Thank you for your comments to improve the clarity of the paper. The use of binned-JSD solves a specific problem, where a single majority label is not sufficient to represent the human preference as mentioned in section 4.2.
The advantage of binned-JSD can be demonstrated using a toy example (also now added to the appendix A.12 and referred in the paper in section RQ2) as follows. if only used a single gold human label (human_median in this case, could also be human_majority) to compute correlation, the acceptable values that humans have chosen is lost. As a result, metrics such as Krippendorff will see treat any value that is equidistant from the human single “gold” label as acceptably similar. For instance, assume that humans choose “disagree” or “neutral” (median/ majority value) (selections <2,3,3>). A good model chooses ''disagree" and a bad model chooses “agree” (completely different to human choice), because both “disagree” (Likert 2) and “agree” (Likert 4) are equidistant from the median/majority value (Likert 3- Median value), K-alpha has assigned very similar scores for the model that has assigned “disagree” (Likert 2) and the model that has assigned “agree” (Likert 4). Rank correlation metrics, in addition to their misfit in comparing item level Likert scores already discussed in the paper in section RQ2, also have a similar problem and deems the model that is poor as the better model as shown below. Our proposed approach on the other hand, assigned lower (better for JSD) scores to the better model as the "good” model assigns values that the humans have chosen, compared to the poor model that has predicted a different score altogether.
| humans | human_median | model_good | model_poor |
|---|---|---|---|
| [2, 2, 3] | 2 | 3 | 1 |
| [1, 2, 2] | 2 | 1 | 3 |
| [2, 3, 3] | 3 | 2 | 4 |
Metric results
| metric | model_good | model_poor | Does better model score better |
|---|---|---|---|
| Tau | 0 | 0.82 | False |
| Rho | 0 | 0.87 | False |
| K-alpha | -0.06 | -0.06 | False |
| JS_b | 0.56 | 0.65 | True |
The example above also exemplifies how unless we know apriori which is a better model, it is difficult to identify advantages / shortcomings with correlation measurements including the proposed binned-jsd. Effectiveness of metrics depend on the data.
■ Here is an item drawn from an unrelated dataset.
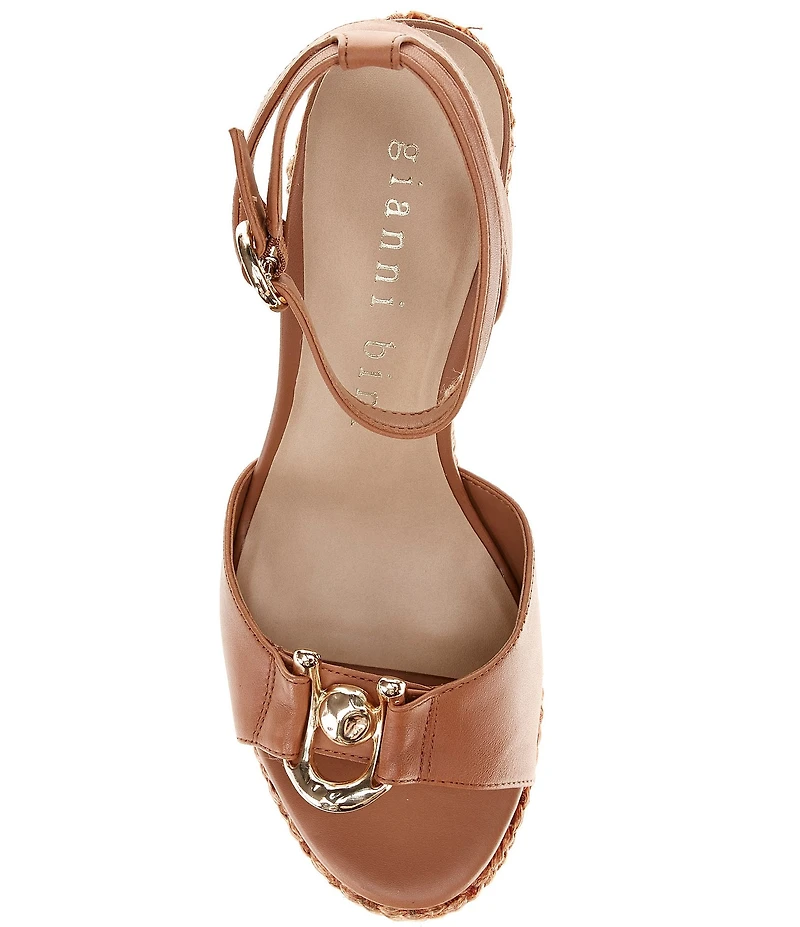 Gianni Bini Calvo Leather Ornamented Raffia Platform Dress Sandals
We dont know for certain if a model appears to be better/worse because of gaps in metrics, creating a chicken and egg problem in measuring the effectiveness of a metric itself. Not knowing which metric is appropriate is a common problem when it comes to correlation metrics [ Hove2018 ], including problems with Cohen’s Kappa [see Krippendorff 2004, cited over 4000 times] despite it being commonly used including many LLM as judge papers.
Hence, our recommendation in section 4.3 “Recommendations for reporting effectiveness of automated methods” - of stratification, visualization and multi-metric reporting so we can interpret the strengths and gaps in the metrics. In particular, we suggest “2. Multi-metric reporting: If there was no uncertainty, measures such as F1 would have worked. However, as a result of uncertainty, no single metric can capture important insights about every type of data as demonstrated in Sections 3.1, 3.2 and 3.3. Thus, we recommend reporting on multiple metrics belonging to different families, such as chance and non-chance-adjusted measures, so each metric in its own way can assist in bringing the less obvious”.
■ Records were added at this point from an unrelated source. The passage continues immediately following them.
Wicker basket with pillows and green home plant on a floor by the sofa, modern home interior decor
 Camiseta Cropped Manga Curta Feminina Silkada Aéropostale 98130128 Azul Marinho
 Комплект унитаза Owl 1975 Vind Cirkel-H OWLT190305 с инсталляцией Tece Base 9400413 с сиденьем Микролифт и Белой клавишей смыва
Through this paper and the arguments we make, we would like to encourage the research community to take a deeper look at metrics to understand the gaps between metrics vs the reality of comparing machine with human judgements as a result of uncertainty.
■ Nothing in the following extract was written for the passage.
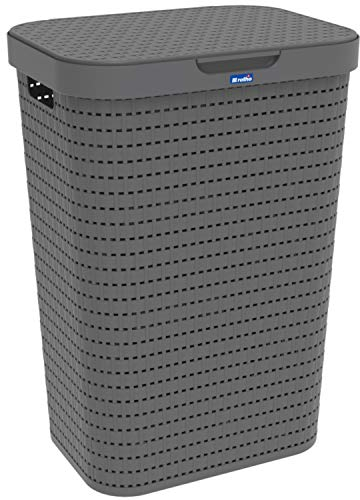 Rotho Country Wäschesammler mit Deckel in Rattan-Optik, Kunststoff (PP) BPA-frei, anthrazit,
[1] Klaus Krippendorff, Reliability in Content Analysis: Some Common Misconceptions and Recommendations, Human Communication Research, Volume 30, Issue 3, July 2004, Pages 411–433, https://doi.org/10.1111/j.1468-2958.2004.tb00738.x
[2] Debby ten Hove, Terrence D. Jorgensen, and L. Andriesvan der Ark. 2018. On the usefulness of interrater reliability coefficients. In Quantitative Psychology, pages 67–75, Cham. Springer International Publishing
- The type of human annotation is limited. Although the paper presented very well the type of collected human annotations, I limited these in their evaluations. Given the space and the breed of the paper, I suggest adding a few more datasets (Please check paper [1] for some guidance on what dataset to choose.)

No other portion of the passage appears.